Secondo il presidente di Istat, Giorgio Alleva, «I dati si riferiscono a semplici proiezioni della situazione attuale e pur non trascurando un rilevante margine di incertezza, non c’è dubbio che il quadro sollevi una questione di sostenibilità strutturale per l’intero Paese»

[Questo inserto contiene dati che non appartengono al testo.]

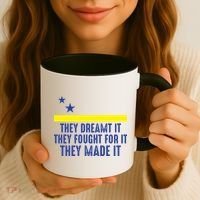 Uracao Flag They Dreamed It Fought For It Coffee Mug thumb 3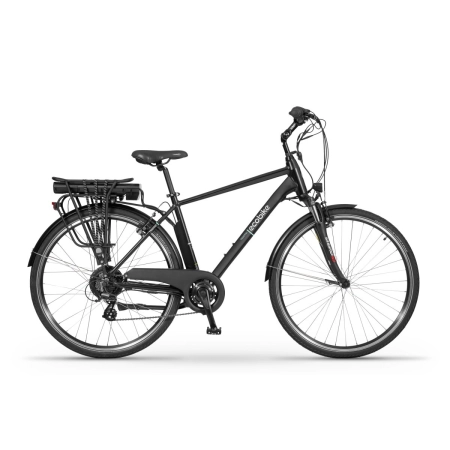 biały rower elektryczny ecobike traffic man miejski polski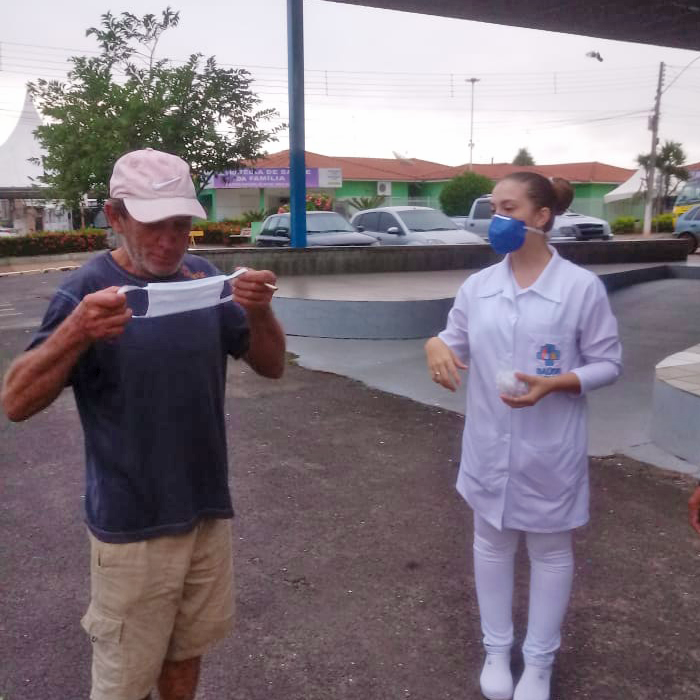 Saúde distribui máscaras de proteção contra o Coronavírus
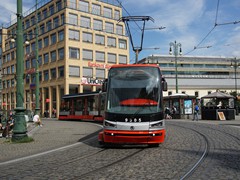 Skoda auf dem námesti Repubilsky
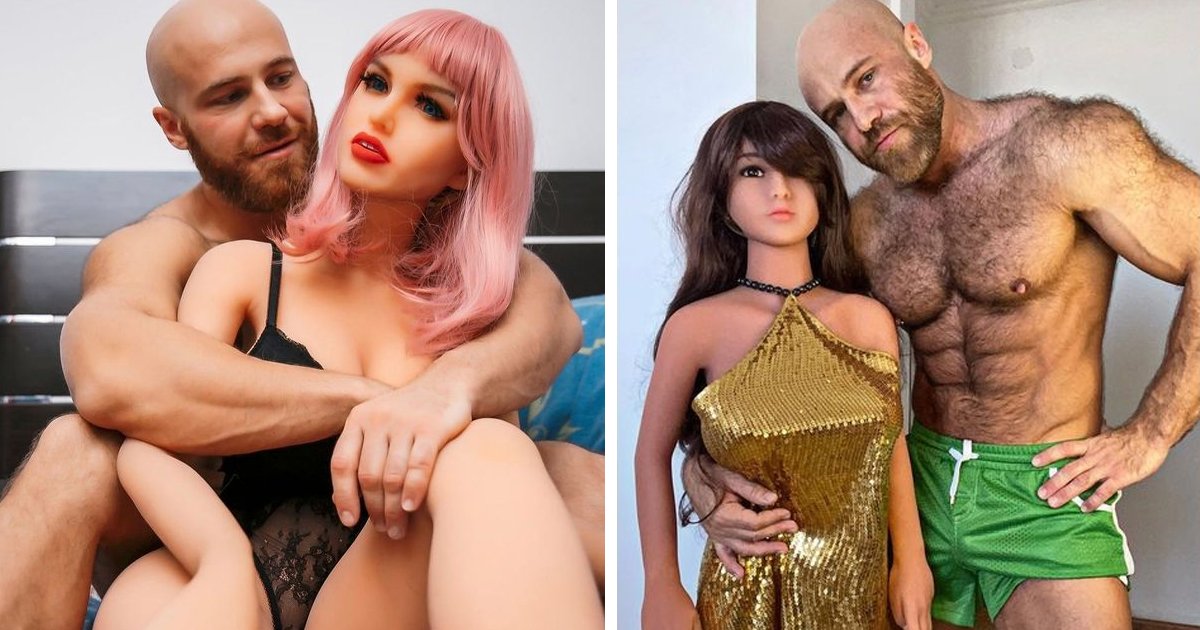 d43.jpg?fit=1024%2C538&ssl=1&strip=all - 'Loved-Up' Bodybuilder Who Divorced His S*x Doll Wife Is Now Enjoying His Romantic Honeymoon With Another Silicone Partner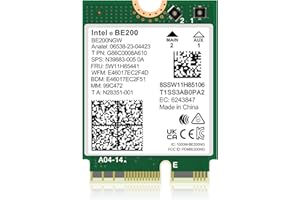 NICGIGA WiFi 7 Scheda Wireless BE200 NGW, Bluetooth 5.4, 5800Mbps M.2/NGFF Supporto di Rete Windows 10/11 (64bit), Linux, Non Supporta AMD. Ideale per Router WiFi7/WiFi6E/WiFi6/WiFi5 e AP Senza Fili.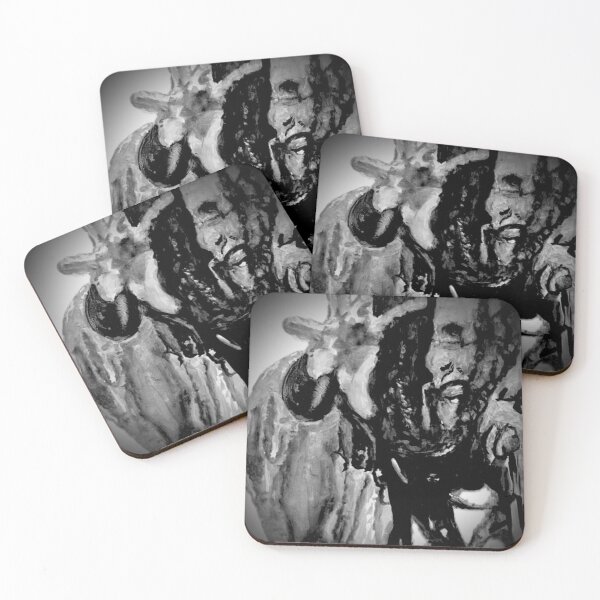 Item preview, Reggae Master,  Bob Marley, Jamming, black and white portrait designed and sold by Art by Fruitcake.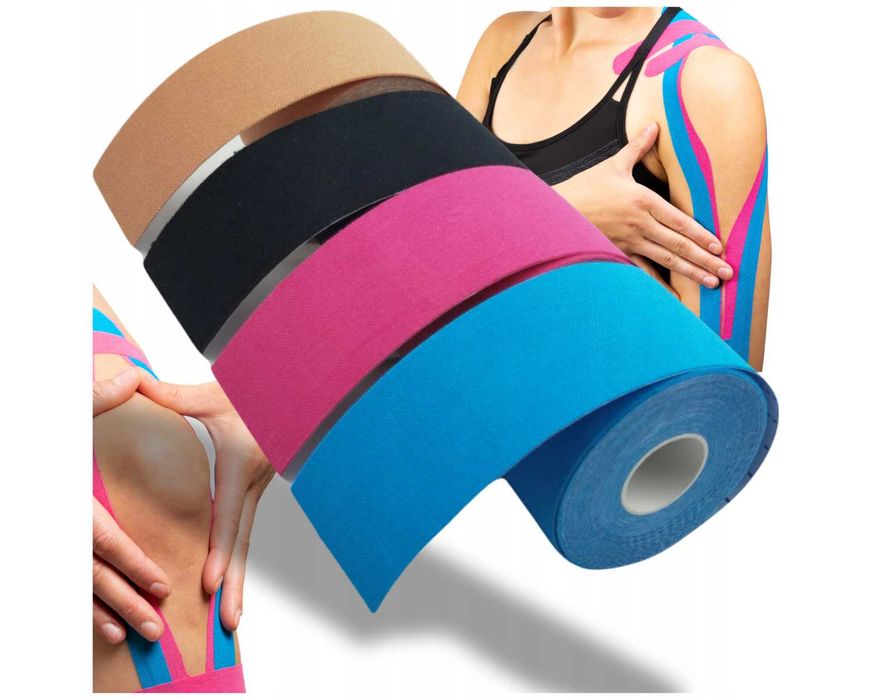 Taśmy Kinesiotaping Tejpy Plastry Taśmy Kinezjologiczne 5x5m na Ciało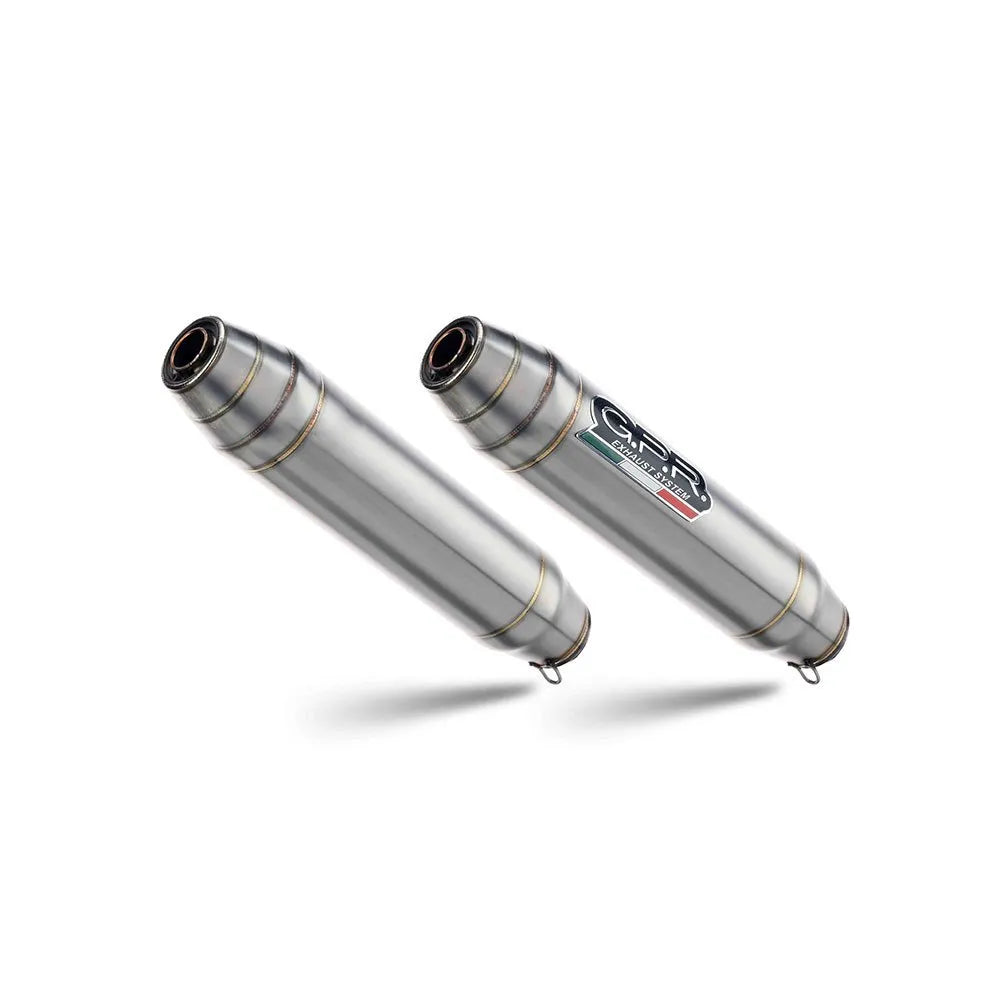 GPR Exhaust Systems Deeptone Inox Triumph Bonneville T100 2001-14 Round Homologated Slip On Muffler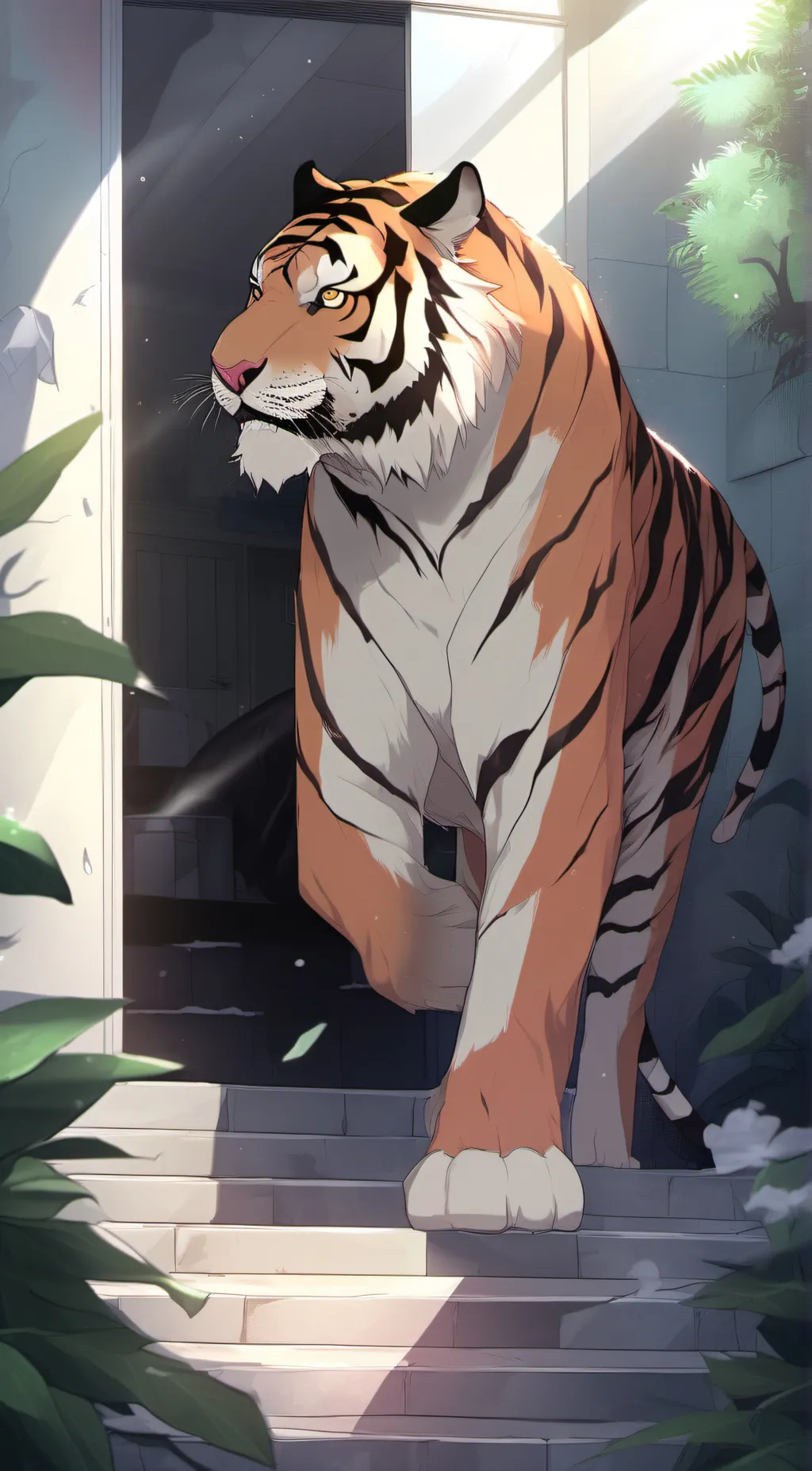 ai character: tigger background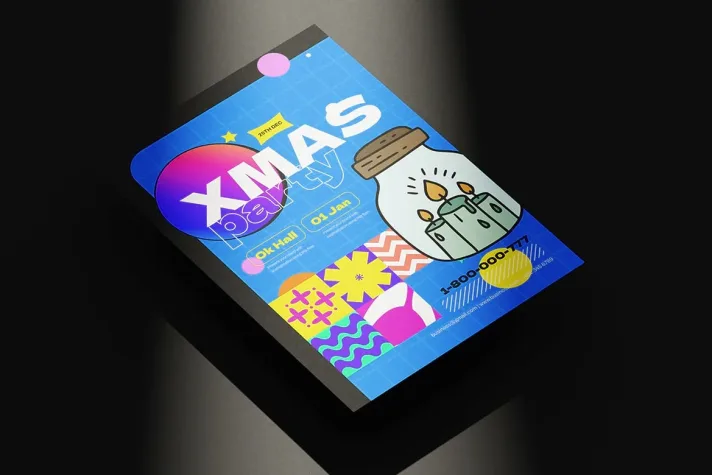 Flat Maximalism Christmas Flyer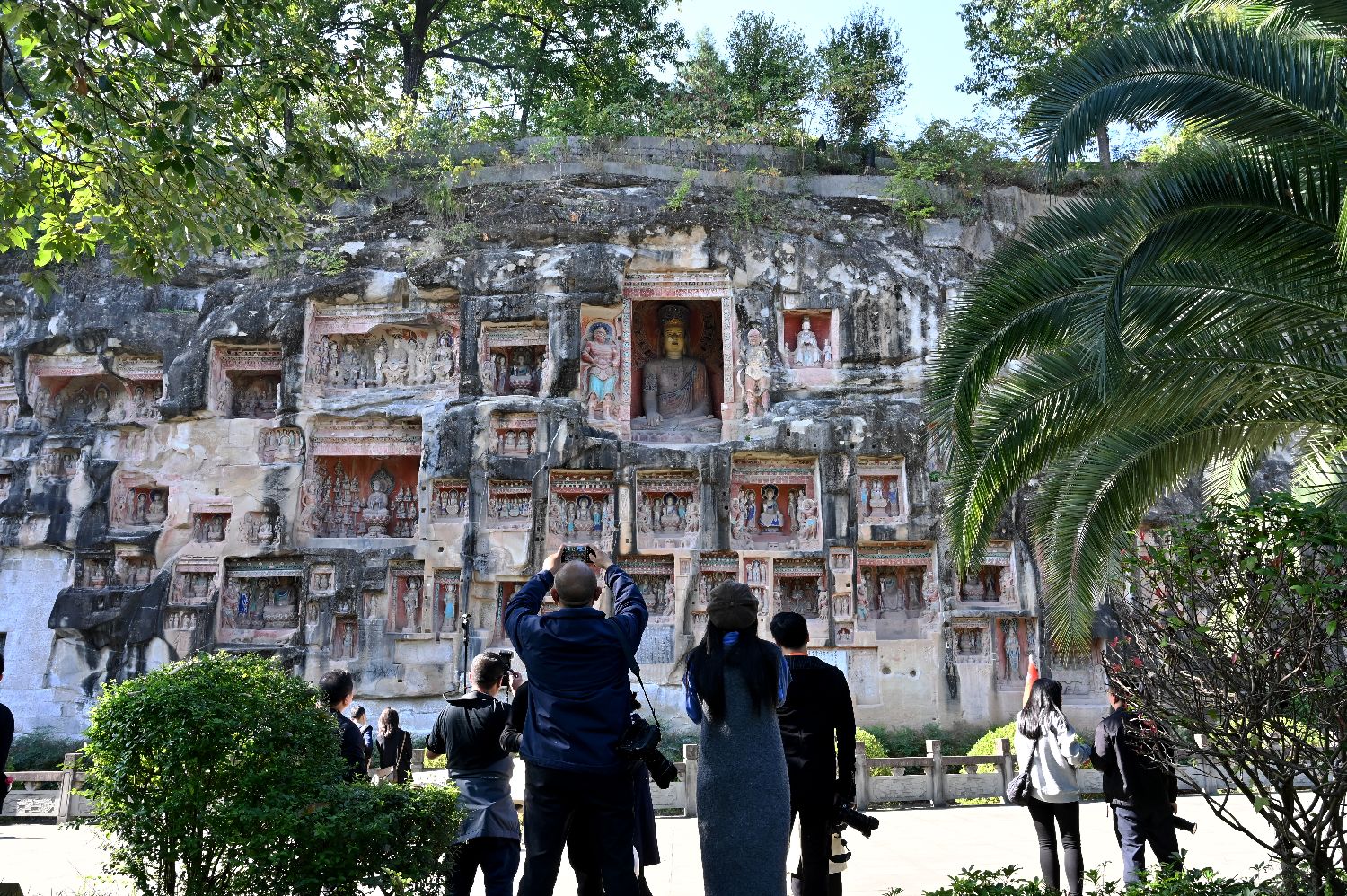 A scenic view of Nanchong Nanbu Guanyinan Dadian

«Nei prossimi 50 anni − afferma Tito Boeri, presidente dell’Inps − le generazioni più a rischio di non autosufficienza passeranno da un quinto a un terzo della popolazione. Non è pensabile rispondere a una domanda crescente di assistenza basandosi sul contributo delle famiglie: servono politiche di riconciliazione fra lavoro e responsabilità familiari, che modulino gli aiuti in base allo stato di bisogno. Per esempio, andrebbero rimodulati i permessi della legge 104/92 in base al bisogno effettivo di assistenza».

Secondo Roberto Bernabei, presidente di Italia Longeva, «Dobbiamo evitare che il Paese diventi un enorme ma disorganizzato ospizio: per far fronte alla perdita di autonomia bisogna investire in reti assistenziali, competenze e tecnologie. La tecnoassistenza che propugniamo da anni».

Nella regione più longeva d’Italia, la Liguria, ci sono circa 436 mila ultrasessantacinquenni, e di questi solo 14.800 persone ricevono servizi di assistenza domiciliare, pari al 3,4% della popolazione over-65.

Nelle cinque aziende sanitarie della Liguria la popolazione è costituita da anziani per il 28%, i quali sono anche i principali fruitori dei servizi di Assistenza Domiciliare Integrata (Adi) (over-65 l’89% delle persone assistite in casa). Dal punto di vista dei servizi, le Asl garantiscono il 94% delle prestazioni Adi tra quelle più rilevanti dal punto di vista clinico-assistenziale, e il 100% delle attività viene erogato dal servizio sanitario senza alcuna presenza di operatori privati. Le Asl liguri, infine, sono nella media nazionale per numero di ore dedicate ogni anno al singolo assistito (23 ore, contro una media nazionale di circa 26 ore).

Aspetto peculiare della regione Liguria, tra le aree del Paese con un più elevato numero di aree impervie con piccoli centri abitati, per lo più in fase di spopolamento, è l’adesione al progetto europeo “ConSENSo” (Community Nurse Supporting Elderly iN a changing Society), nato per sperimentare un modello di assistenza che metta al centro gli anziani, consentendo loro di rimanere a casa il più a lungo possibile anche nei territori ‘difficili’, basandosi sul contributo dell’infermiere di famiglia e di comunità.

«Come per la maggior parte delle regioni d’Italia – commenta Bernabei – emerge che la Liguria ancora non sfrutta appieno l’opportunità dell’assistenza domiciliare, prendendo in carico con questa modalità una percentuale troppo esigua della popolazione over-65 residente. Per converso, risultano molto positivi il numero di prestazioni e le ore dedicate al singolo paziente assistito a domicilio. L’intervento di operatori privati, a oggi inesistente, potrebbe rivelarsi strategico per una maggiore diffusione dell’assistenza a domicilio, così come pure la sperimentazione di modelli innovativi di erogazione dell’Adi come quello proposto dal progetto ConSENSo».